== Work instruction ==
Each record, word for word and stripped of pictures, is what the answer should contain.

== Data for this exercise ==

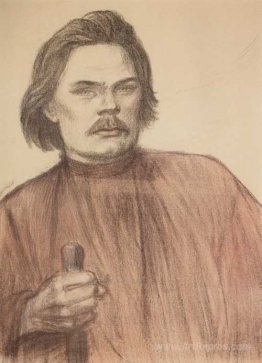 Maxim Gorky half-length, facing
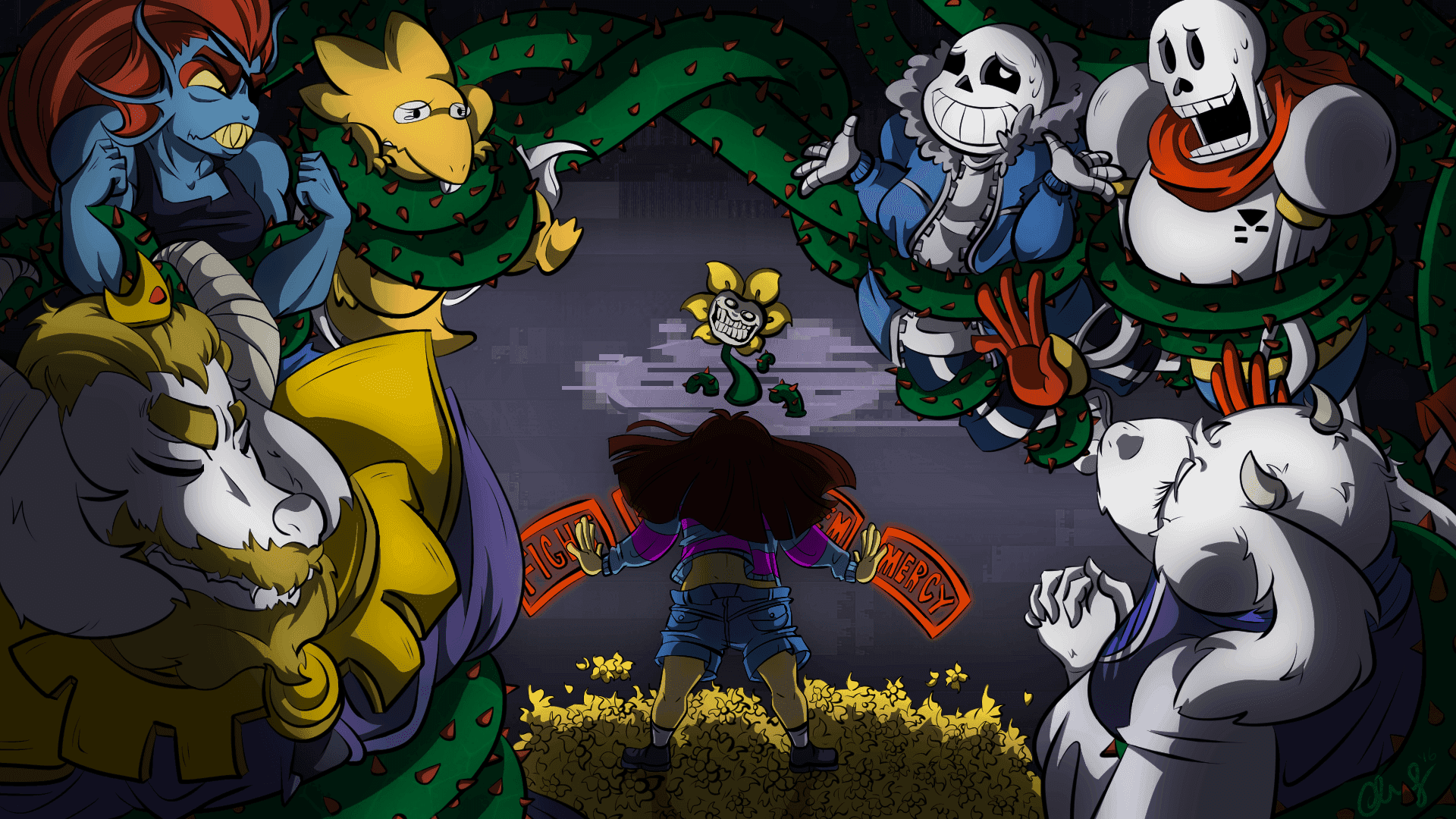 引人入勝的《Undertale》遊戲世界 壁紙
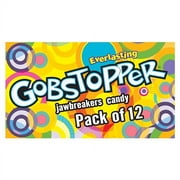 WonkaEverlasting GobstopperCandy, jawbreakers that changecolorsandflavors, 5 oz, pack of 12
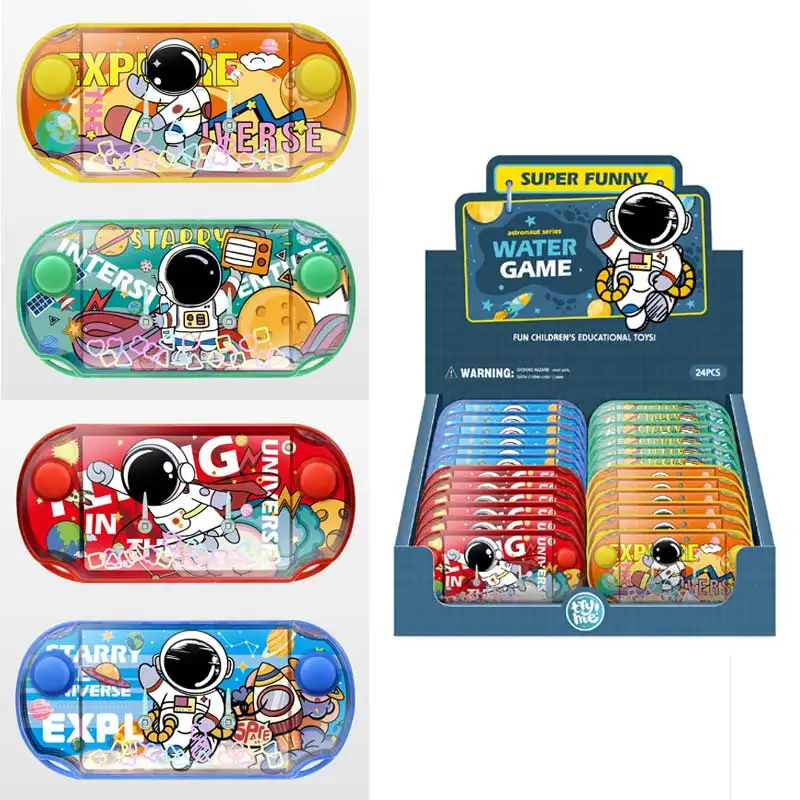 Hot Selling Cute Cartoon Ring Toss Game Water Ring Game Toy Water Machine Classic Plastic Kids Toy Handheld Water Game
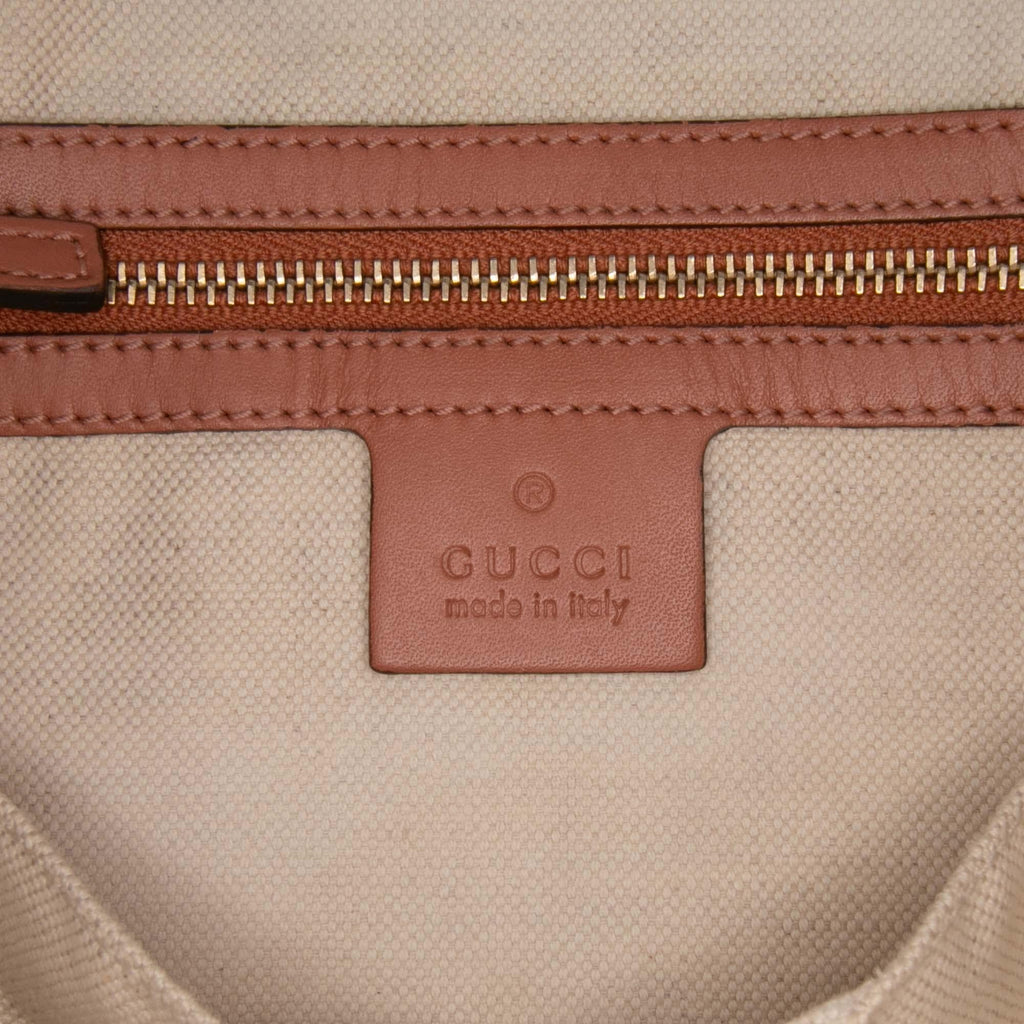 Gucci GG Canvas Heart Bit Satchel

== Solution below ==
 Maxim Gorky half-length, facing
 引人入勝的《Undertale》遊戲世界 壁紙
 WonkaEverlasting GobstopperCandy, jawbreakers that changecolorsandflavors, 5 oz, pack of 12
 Hot Selling Cute Cartoon Ring Toss Game Water Ring Game Toy Water Machine Classic Plastic Kids Toy Handheld Water Game
 Gucci GG Canvas Heart Bit Satchel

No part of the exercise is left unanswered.